Das Seebeben von Lissabon 1755 zerstörte nicht nur die Häuser der Stadt, sondern auch die großen Gedankengebäude jener Zeit

„Unter Tränen und Seufzen des ganzen Volks, unter Bergen von Steinen, unter unzähligen Leichen, unter erschrecklichen Feuerballen, welche alles umgaben, unter einer Menge zerquetschter Menschen schreibe ich unsern Patern zitternd diesen Brief, ehe wir alle sterben, welches Schicksal uns Stund zu Stund bevorsteht. An dem Fest Allerheiligen, zur Zeit, da eine große Menge des Volkes sich in den Kirchen versammelt, hat es dem Allerhöchsten gefallen, dieses ganze Reich also hart und scharf zu berühren, dass es fast mit demselben geschehen ist. Ein Viertel auf zehn früh ist die ganze Stadt, mit vielen nahe befindlichen Ortschaften und Dörfern, mit allen ihren Palästen, mit gemeinen und Privatgebäuden, mit Klöstern, Kirchen, Türmen und Stiften in Zeit weniger Minuten durch ein starkes Erdbeben zu einem Steinhaufen verkehrt worden. Unzählbare in den Kirchen Versammelte, nicht weniger auf die Gassen und Plätze Fliehende, sind von der Menge der Steine und von dem Fall der Mauern lebendig begraben worden.“

So beginnt der Bericht eines Geistlichen, abgefasst kurz nach dem Erdbeben von Lissabon am 1. November 1755. Man hatte noch keinen Seismografen, aber durch den regen Schiffsverkehr und die Kurierdienste wusste man sehr bald von der großen Reichweite des Bebens, das in ganz Europa wahrgenommen wurde. Es hatte das Dach des Dogenpalastes erzittern lassen, war selbst noch in Finnland spürbar und forderte an der afrikanischen Atlantikküste sehr viele Todesopfer. Heute schätzt man, dass es in Lissabon eine Stärke von 8,5 bis 9 auf der Richterskala hatte, und man ist sich sicher, dass sein Ursprungsort ein Seebeben im Atlantik war, ein Tsunami, dessen Epizentrum man circa 300 Kilometer südwestlich von Lissabon vermutet. Das erklärt die verheerenden Folgen.
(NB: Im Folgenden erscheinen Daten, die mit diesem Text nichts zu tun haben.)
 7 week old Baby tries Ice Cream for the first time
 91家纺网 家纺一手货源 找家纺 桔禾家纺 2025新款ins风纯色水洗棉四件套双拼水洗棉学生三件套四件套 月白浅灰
Denn nachdem die einstürzenden Häuser die Menschen in den Gebäuden und auf den engen Gassen erschlagen hatten und bald eine Feuersbrunst ausbrach, flohen die Überlebenden zum Hafen, wo wenig später eine zehn Meter hohe Flutwelle die Vernichtung von Leben, Häusern und allem Hab und Gut fortsetzte. Die Todeszahlen werden sehr unterschiedlich geschätzt, zwischen 10 000 und 100 000 sollen es gewesen sein, sodass 30 000 eine sehr wahrscheinliche Zahl ist.

Dieses Ereignis wurde zu einer Zäsur in der europäischen Geschichte. Denn nicht nur ein großer Raum der Erdoberfläche bebte, sondern auch die geistige Welt in ihrer zeitlichen Erstreckung wurde in große Unruhe versetzt, und zwar mit Wirkungen, die bis in die Gegenwart reichen.

Das liegt nicht an der Opferzahl. In Sizilien hatte 1693 ein Erdbeben das Doppelte an Menschenleben gefordert, ohne dass es sich in die Erinnerung Europas eingrub. Entscheidend für die ungewöhnliche Beachtung war vielmehr die Besonderheit von Ort und Zeit jenes Bebens von 1755. Lissabon war eine der reichsten und prächtigsten Städte der damaligen Welt, eine wichtige Handelsmetropole mit Kolonien, die aus Brasilien Gold und Diamanten genug besaß, um großartige Kirchen, ebensolche Paläste und eine entsprechende Oper zu bauen. Bedeutende Kunstschätze und Literaturen sowie Dokumente zur Geschichte der Seefahrt und Kolonialisierung gingen durch das Beben verloren. Aber eben auch Mengen an Kapital. Alle Handelsstädte wie London, aber auch Hamburg, hatten hier beträchtliche Summen investiert und durch die Beziehung zu Lissabon ihren eigenen Reichtum vermehrt. Der Untergang einer solchen Stadt fand freilich eine andere Aufmerksamkeit als das Beben auf Sizilien.

Für die Beunruhigung in der geistigen Welt aber war die Zeit entscheidend. Während im 17. Jahrhundert kaum eine Naturkatastrophe die Gräuel der Religionskriege überbieten konnte, also das, was Menschen angerichtet hatten – auch die Pest führte man ja auf die Tat von Hexen und Juden zurück –, hatte man sich im 18. Jahrhundert optimistisch auf den Weg der Aufklärung begeben, und so wird es bis heute das „Jahrhundert der Aufklärung“ genannt. Der Dichter Alexander Pope hatte gesagt, alles sei gut, und die neuen Geschichtsphilosophen lehrten bald etwas vorsichtiger, aber ebenso optimistisch, alles werde besser. In diesem Zeitalter der Aufklärung, das zu unserem Erbe gehört, wirkte die Katastrophe von Lissabon für das Denken und Wollen wie ein Schüttelsieb oder ein Stresstest. Was in der Macht des Menschen lag, bekam einen Schub und wurde verstärkt, und was der Bewältigung des hereinbrechenden Schicksals diente, wurde unsicher und geschwächt.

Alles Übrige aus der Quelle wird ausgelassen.